Figure 4. The ratio of adoptively transferred effector pmel-1 CD8+ T cells relative to returning host cells as a function of TBI dose

Flow cytometry data were analyzed using a linear least squares regression analysis. Three individual mice per group were used to calculate the ratios of adoptively transferred Thy1.1+ pmel-1 CD8+ T cells towards returning host cells six days after ACT. Thy1.2+ host mice received a preparative regimen with either (A) single-dose irradiation at the day of T cell transfer or (B) fractionated dose of irradiation divided into six equal doses given twice daily up to the amount indicated in the legend followed by the adoptive transfer of 1 x 106 Thy1.1+ effector pmel-1 CD8+ T cells with rhIL-2. Four quadrants are shown per panel. These include the ratios of the adoptively transferred Thy1.1+ cells to endogenous (Thy1.2+) CD8+ T cells, endogenous CD4+ T cells; as well as (endogenous) Gr1+ and NK 1.1+ cells as labeled. These ratios were then plotted against the dose of preparative TBI given and analyzed using linear regression with the least squares method. Experiment was repeated independently and similar results were obtained.

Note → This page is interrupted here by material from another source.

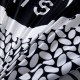 2023FW Latest Ahead Stylish Logo DIOR Bedding 2023FW Latest Ahead Stylish Logo DIOR Bedding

Figure 5. Measurements of systemic inflammatory cytokines and LPS levels in the sera of irradiated mice

One million effector pmel-1 T cells were adoptively transferred along with rhIL-2 in animals that received either a single dose of irradiation as indicated directly at the day of transfer (Panel A) or irradiated in six equal fractionated (F) doses of irradiation given twice daily up to the amount shown (Panel B). Six days after irradiation, sera of three mice were collected, pooled, and analyzed for inflammatory cytokines and chemokines. Shown are IL-6, IL-1α, and chemokine KC (Cxcl1). Microbial LPS was assessed using the limulus amebocyte lysate (LAL) assay.